Well worth seeing
Just saw Brassed Off, which I recommend highly.
And I recommend it despite the fact that I, as a thoroughgoing libertarian and believer in Austrian economics and the free market, not only disagree with the fundamental political premise that the movie exists in order to promote, but am in fact one of the people that the producers and writers of the movie would dearly love to inspire you to hate. For the movie is, shamelessly, propaganda.
But it's good propaganda -- it's a great movie. Furthermore, because they didn't expect anybody who wasn't a coal miner to watch the movie, they figured they were preaching to the choir and didn't have to spend all their time being persuasive, which means that although the movie's background is a period and culture of despair, the movie's heart is in the characters and families who rose above the despair around and among them to reach their own personal mountaintop; so the movie played quite successfully here in America as, of all things, a light-hearted romantic comedy.
That's not what they meant to make, and the movie is so good I think that those who wrote and directed and acted in it deserve -- that they have earned the right -- to have the movie taken on their terms rather than on the terms in which the suits at the international distribution headquarters decided to market it. Besides, the plight of Great Britain's miners during the Thatcher years -- their economic, emotional and spiritual plight -- was indeed deeply tragic, and there is something missing in your humanity if you do not respond to it, and it dishonors what the Grimethorpe Colliery Band really did accomplish if you fail to understand what it was they were rising above.
[Spoiler Alert!! What follows gives away the ending, just in case you were unable to figure out the ending after the first ten minutes or so. (A suspenseful thriller full of twists and turns, this is not. But still -- it's only polite to give you a Spoiler Alert.)]
Now, since they were making a deliberately political movie, and deserve a nod in the direction of a political response: okay, I happen to think the movie assigns blame for their plight to entirely the wrong set of people, and that indeed the miners' plight was as bad as it was when their industry finally died primarily because years of Labour governments had postponed the inevitable and therefore inadvertently made the transition orders of magnitude worse than it ought to have been had the transition taken its natural course to begin with. The people who made the movie, on the other hand, think that (a) everything was the Tories' fault, and (b) the Tories were not just misguided, but were the spawn of hell on earth. "God? Oh, right. Yeah, now there's a fella. I mean what's 'E doin'? Eh? 'E can take John Lennon. 'E can take those three young lads down at Tainsley Pit. 'E's even thinkin' of takin' my old man...and Margaret bloody Thatcher lives?? I mean what's 'E soddin' playin' at, eh??" Um...okay, we disagree on the cause.

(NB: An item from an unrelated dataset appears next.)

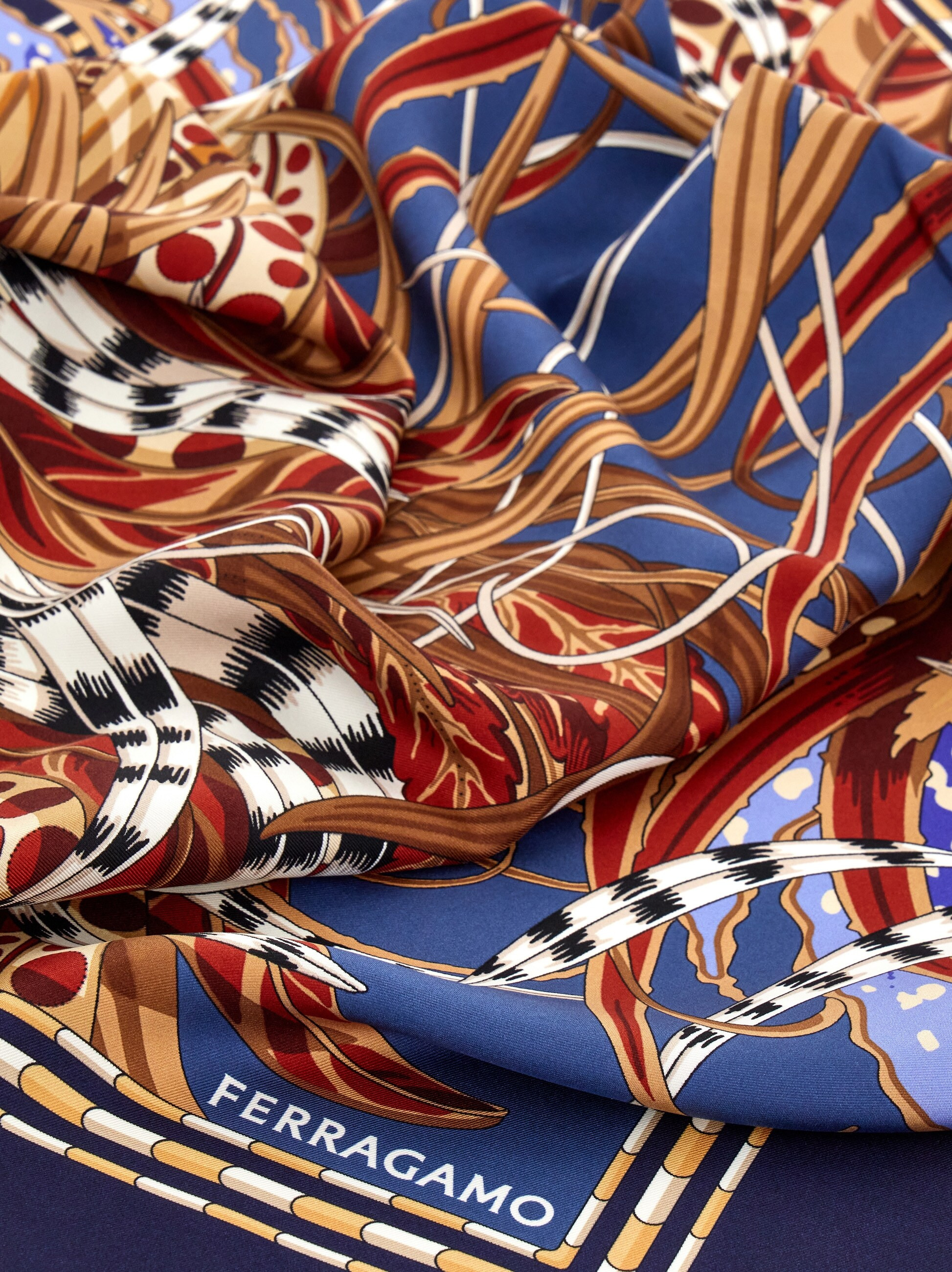 Rooster print silk scarf - 2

What we do not at all disagree on, is the effect. The period of the pit closures was a time of privation and poverty and despair, and the miners and their families, who by their culture and their upbringing were completely unprepared to deal with the situation into which they were thrust, deserve our deepest compassion. But it is the glory of humanity to triumph in the face of adversity, and when the Grimethorpe Colliery Band (rechristened "Grimley" in a perfunctory gesture toward fictionalization) won England's national brass band contest four days -- four days! -- after the Grimethorpe pit closing that left practically every band member unemployed and doomed the town in which they had lived all their lives...okay, now you have to admit that that story is a story that deserves to be told, and to be told well.
And the people who made this movie, told that story well. It helps that the Grimethorpe Colliery Band provided the soundtrack, which is outstanding. But, frankly, this is a low-budget movie that reminds you of why movies are worth making in the first place, other than, you know, to have an excuse to make really big explosions for fun. If you don't shed a few delighted tears in the "Danny Boy" scene, then you have no heart; and if you don't want to leap up and dance to one of the best performances of the "William Tell Overture" that I remember hearing, then...well, you might have a soul, but you don't have any music in it. This is just a delightful movie.
And this, about a piece of shameless Leftist propaganda, from a guy who thinks England's Tory Party has tended to be entirely too prone to socialism and government intervention.
Just see the movie, and then tell me what you think in the comments. I loved it, myself. Just loved it. Am trying to figure out whether I have time to watch it again before my bedtime.
P.S. Couldn't help but take a great deal of amusement from one part of the credits. This is a movie in which the "Grimely Colliery Band" wins the National Brass Band Competition in London a week after the "Grimely" pit is permanently closed; and the very soundtrack is provided by the Grimethorpe Colliery Band, which won the National Brass Band Competition in London (with a judges' score of 99 out of a possible 100) four days after the Grimethorpe pit was closed. So what do the credits say?
The events and characters in this photoplay are fictitious. Any similarity to actual persons, living or dead, is purely coincidental.
Man, do I ever love corporate lawyers.